Yowillas will hoot at each other, or at other animals, they will throw leaves at each other, they will beat their chests, they will dance on their feet, and they will lunge with their arms and their bodies. But afterwards, they are usually not violent. They display charge more than they fight. Evidently, like gorillas, yowillas prefer peace to violence. But they are also a little more hotheaded than the average gorilla, and if they feel that worse is coming to worst, they will attack their enemies and hit or wrestle with them until they are driven off or dead. If the enemy is dead, the yowilla in question will normally bury the dead animal that attacked it. In this respect, yowillas are distinctly different from the gorillas, which very seldom attack for real, and so I've had to take a few precautions while studying them in the Outback, even though I believe I have gained their trust.
Dingos are the worst enemy of yowillas, besides man, and they are known for attacking yowilla families on the plains of Australia fairly frequently. This is one reason for the yowilla's aggression when the group is invaded by outsiders, because the dingo has a taste for yowilla meat, and can be as strong and un-gentle about getting it as an African jackal, or an American coyote, or even a wolf. The dominant males have to be as tough as possible with an attacking dingo in order to defend the family. The yowilla does get along better, however, with many of the other indigenous animals of Australia. Most marsupials live in peace with these great apes, including the kangaroo and the wombat. Emus usually leave yowillas alone, too, and while cassowaries occasionally give some yowillas a sharp, crippling kick if they feel intimidated by the simian's behavior, they are not a major threat, either.

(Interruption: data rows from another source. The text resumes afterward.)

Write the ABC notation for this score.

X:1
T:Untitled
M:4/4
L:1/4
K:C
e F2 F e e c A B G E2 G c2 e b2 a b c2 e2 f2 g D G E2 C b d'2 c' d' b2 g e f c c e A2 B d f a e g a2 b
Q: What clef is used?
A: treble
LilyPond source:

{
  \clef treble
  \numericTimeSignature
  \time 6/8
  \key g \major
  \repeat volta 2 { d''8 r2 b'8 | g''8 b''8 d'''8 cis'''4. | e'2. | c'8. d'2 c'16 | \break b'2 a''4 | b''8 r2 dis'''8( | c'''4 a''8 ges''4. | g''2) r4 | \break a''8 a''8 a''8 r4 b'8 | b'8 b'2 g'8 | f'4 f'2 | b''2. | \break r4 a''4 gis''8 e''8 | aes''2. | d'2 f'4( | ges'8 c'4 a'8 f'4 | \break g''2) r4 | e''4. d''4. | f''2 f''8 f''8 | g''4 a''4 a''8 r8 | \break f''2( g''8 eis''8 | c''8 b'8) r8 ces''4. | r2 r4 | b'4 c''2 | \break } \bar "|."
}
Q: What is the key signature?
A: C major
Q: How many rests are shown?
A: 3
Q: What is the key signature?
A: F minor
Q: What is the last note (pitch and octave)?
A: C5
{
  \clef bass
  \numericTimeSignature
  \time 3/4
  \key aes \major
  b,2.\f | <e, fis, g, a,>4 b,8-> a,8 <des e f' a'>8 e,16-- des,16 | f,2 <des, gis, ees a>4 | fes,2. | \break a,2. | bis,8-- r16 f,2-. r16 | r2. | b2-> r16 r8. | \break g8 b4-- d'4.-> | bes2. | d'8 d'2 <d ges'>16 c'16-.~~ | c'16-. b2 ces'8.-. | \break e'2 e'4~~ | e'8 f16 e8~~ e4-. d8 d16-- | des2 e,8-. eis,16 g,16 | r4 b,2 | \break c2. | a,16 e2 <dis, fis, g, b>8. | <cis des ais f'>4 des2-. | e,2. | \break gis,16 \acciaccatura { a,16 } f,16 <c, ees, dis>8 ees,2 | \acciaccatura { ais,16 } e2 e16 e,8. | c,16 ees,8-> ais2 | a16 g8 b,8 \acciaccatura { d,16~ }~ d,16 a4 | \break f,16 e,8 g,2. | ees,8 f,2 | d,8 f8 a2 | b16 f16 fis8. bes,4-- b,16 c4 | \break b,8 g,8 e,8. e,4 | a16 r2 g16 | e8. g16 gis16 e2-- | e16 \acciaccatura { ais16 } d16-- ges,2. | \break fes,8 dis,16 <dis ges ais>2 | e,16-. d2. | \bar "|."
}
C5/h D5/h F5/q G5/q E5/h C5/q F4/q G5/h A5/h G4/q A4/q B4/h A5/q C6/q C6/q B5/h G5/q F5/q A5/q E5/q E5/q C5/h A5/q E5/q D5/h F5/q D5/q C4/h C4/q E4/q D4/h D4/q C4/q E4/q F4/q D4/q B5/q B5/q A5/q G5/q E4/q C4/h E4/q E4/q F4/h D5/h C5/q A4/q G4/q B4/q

Sadly, poachers and zoo animal catchers continue to relentlessly capture and/or kill these inoffensive creatures for very shoddy ends. Yowillas, despite their natural aggression toward intruders on their territory, are almost as harmless as gorillas, and they are much more beautiful than many people, especially some religious people, like to think apes are. Believe me, I know what it's like to be accepted by a yowilla. A big male that I named Archie has expressed interest in me quite implicitly. Yowillas are extraordinary beasts, and they are also so much like man that I, too, support the Great Ape Project. The world needs to pay more attention to the good things about these lovely animal people.